Low-budget Indian tourists (from Delhi now, rather than Calcutta) were arriving by the planeload; the Japanese and Korean restaurants were closing; at every street corner, you could hear singers belting out dodgy versions of Hindi film songs from newly-opened Indian restaurants. The casinos - never my favourite part of Kathmandu - seemed to epitomise the worst aspects of the Indian nouveau riche: sweaty, ugly places packed with fat men clutching wads of rupees.
It hardly mattered though. Nepal was lurching from crisis to crisis anyway, and the aesthetic decline of Kathmandu was the least of the country's problems.
Little Janpath in Thamel Back there this week to write about the current Nepal crisis, I was struck by how the Kathmandu of the 1980s had now almost disappeared. The shops of New Road, so favoured by Bengalis hunting for foreign goods, had gone 'upmarket' so that they were no longer little shacks with colourful doors but big tube-lit emporia straight out of any north Indian small town.
Thamel was more or less hippie-less, full of shops selling Janpath-type merchandise. The traffic was unbearable largely because of the number of commercial vehicles.
I always use the nature of traffic jams as an indication of a city's wealth. At a jam in Delhi, three-fourths of the vehicles will be private cars.
In Calcutta, over half will be trucks, tempos, taxis, vans etc. In Kathmandu, 80 per cent of the traffic will be commercial vehicles.
Only 20 per cent will be private cars. Nepal has always been poor (the Bengali perception of Kathmandu's glamour notwithstanding) but driving around the city I had a sense that India's economic miracle of the last decade has passed its nearest neighbour by.
There are rich people in Kathmandu, but the city seems both poor and run-down. IC-814, redux? But here's the thing: flights and hotels are full.
Nepalese authorities report that tourism from India is down by 20 per cent but you wouldn't think it judging by the packed flights. Plus, Kathmandu has become a conference destination for Europeans.
At the hotel where I stayed, a convention of German doctors had taken over the place. And Dhaka - which you could argue is now where Calcutta was 20 years ago - has discovered Kathmandu.
Arrivals from Bangladesh are up by 60 per cent and you can hear Bengali (of a different kind perhaps) on the streets again. But I have to say I'm looking forward to going back.
Partly of course it's the continuing thrill of the Nepal story. But it's also because, despite all the changes, I still have enormous affection for Kathmandu.
And the Nepalese are a friendly, likeable people. Sadly, with the country in the grips of a crisis, nobody worries about the rule of law.
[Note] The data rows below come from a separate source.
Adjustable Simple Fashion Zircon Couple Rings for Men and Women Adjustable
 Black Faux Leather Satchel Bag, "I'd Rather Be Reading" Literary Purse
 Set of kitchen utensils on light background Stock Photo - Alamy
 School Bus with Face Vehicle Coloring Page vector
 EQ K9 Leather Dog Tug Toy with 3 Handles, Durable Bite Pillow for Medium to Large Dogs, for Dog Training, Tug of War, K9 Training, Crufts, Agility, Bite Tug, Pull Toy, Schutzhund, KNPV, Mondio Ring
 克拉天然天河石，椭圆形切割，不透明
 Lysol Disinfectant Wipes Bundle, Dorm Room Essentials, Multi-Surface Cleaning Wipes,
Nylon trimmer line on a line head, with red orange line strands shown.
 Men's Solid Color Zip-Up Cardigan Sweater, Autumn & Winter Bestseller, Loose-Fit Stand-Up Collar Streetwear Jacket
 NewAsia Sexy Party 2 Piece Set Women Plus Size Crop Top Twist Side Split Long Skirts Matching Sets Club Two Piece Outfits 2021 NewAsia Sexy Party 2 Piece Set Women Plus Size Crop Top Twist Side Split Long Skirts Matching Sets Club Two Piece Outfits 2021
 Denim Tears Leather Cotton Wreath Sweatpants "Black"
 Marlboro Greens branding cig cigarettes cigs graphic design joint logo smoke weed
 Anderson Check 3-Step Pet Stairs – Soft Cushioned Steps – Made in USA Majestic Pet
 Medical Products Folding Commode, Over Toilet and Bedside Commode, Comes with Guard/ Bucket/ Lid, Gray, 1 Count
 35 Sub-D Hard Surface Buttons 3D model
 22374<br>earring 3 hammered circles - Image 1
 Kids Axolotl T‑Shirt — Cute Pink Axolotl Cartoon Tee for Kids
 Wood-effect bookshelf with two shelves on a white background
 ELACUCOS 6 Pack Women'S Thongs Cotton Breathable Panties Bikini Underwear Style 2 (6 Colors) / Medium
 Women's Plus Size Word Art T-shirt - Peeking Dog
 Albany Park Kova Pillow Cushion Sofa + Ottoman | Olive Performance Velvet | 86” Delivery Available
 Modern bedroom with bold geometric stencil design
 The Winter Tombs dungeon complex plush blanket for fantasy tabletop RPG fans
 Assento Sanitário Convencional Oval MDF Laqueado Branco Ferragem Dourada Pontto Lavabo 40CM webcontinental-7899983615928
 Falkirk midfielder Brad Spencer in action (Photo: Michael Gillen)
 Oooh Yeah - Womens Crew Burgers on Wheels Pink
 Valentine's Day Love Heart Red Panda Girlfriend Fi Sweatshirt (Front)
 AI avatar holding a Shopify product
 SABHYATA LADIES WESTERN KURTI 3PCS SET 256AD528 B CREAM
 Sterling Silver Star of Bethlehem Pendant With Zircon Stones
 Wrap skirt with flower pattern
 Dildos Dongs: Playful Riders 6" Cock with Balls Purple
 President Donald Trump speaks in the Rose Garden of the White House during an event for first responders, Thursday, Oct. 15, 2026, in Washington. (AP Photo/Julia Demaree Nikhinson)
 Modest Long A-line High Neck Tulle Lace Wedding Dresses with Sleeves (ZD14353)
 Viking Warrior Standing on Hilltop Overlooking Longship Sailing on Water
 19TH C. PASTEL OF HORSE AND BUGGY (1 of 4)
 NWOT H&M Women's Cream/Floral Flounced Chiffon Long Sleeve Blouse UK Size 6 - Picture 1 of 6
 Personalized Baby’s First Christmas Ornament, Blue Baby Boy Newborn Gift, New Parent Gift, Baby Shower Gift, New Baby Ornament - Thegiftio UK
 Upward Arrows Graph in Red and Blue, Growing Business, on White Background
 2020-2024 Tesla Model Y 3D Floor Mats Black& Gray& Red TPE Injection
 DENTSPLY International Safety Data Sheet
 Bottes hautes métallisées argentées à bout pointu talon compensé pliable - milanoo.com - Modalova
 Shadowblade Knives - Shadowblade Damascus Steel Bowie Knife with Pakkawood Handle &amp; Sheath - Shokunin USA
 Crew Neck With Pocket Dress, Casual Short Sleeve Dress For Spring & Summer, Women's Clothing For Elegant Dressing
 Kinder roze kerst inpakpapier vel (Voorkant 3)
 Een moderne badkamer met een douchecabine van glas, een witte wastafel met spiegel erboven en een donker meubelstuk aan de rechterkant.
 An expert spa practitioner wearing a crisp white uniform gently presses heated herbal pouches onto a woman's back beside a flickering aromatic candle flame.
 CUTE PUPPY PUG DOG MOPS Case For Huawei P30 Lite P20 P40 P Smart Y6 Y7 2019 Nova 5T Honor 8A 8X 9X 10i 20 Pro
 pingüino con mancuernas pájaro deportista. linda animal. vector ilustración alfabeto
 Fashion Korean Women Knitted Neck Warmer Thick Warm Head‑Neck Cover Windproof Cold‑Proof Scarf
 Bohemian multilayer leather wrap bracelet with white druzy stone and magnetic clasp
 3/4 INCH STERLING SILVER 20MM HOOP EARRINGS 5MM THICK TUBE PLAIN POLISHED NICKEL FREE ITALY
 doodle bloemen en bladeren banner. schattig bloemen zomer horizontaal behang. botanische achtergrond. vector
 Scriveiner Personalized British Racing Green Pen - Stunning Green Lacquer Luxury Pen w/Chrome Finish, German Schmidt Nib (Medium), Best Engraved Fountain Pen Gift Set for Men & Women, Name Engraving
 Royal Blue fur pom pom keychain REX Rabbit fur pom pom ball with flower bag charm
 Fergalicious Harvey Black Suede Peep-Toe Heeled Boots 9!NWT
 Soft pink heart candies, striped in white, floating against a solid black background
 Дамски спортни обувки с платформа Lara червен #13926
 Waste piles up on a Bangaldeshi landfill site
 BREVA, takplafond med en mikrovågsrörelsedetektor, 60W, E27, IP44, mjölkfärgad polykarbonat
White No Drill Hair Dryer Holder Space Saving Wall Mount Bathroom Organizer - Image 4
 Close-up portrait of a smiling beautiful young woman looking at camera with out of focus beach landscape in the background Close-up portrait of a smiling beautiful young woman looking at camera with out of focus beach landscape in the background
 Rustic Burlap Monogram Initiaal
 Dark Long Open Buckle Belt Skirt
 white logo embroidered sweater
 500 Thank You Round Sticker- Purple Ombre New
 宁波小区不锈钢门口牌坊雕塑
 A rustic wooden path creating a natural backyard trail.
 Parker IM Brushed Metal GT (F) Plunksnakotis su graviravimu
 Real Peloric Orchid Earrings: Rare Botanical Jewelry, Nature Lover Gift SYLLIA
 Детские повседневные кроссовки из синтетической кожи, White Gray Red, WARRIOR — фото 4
At Kathmandu International Airport, the security check consisted of one cop who waved all the foreigners ahead but stopped every Indian. He asked us to open our wallets and if he found any Rs 500 or Rs 1,000 notes (which you can't take out of India), he asked for a bribe, failing which he would confiscate the notes.
He did this in full public view and nobody dared complain for fear of being detained. I don't mind that the Nepalese police are crooks.
It's the attitude to security that worries me. A corrupt security man will happily take bribes to let terrorists on to planes.
Remember: it is this crowd that allowed IC-814 to be hijacked. And frankly, judging by their attitude, it could well happen again.
So perhaps my next Urban Gypsy will be filed from Kandahar.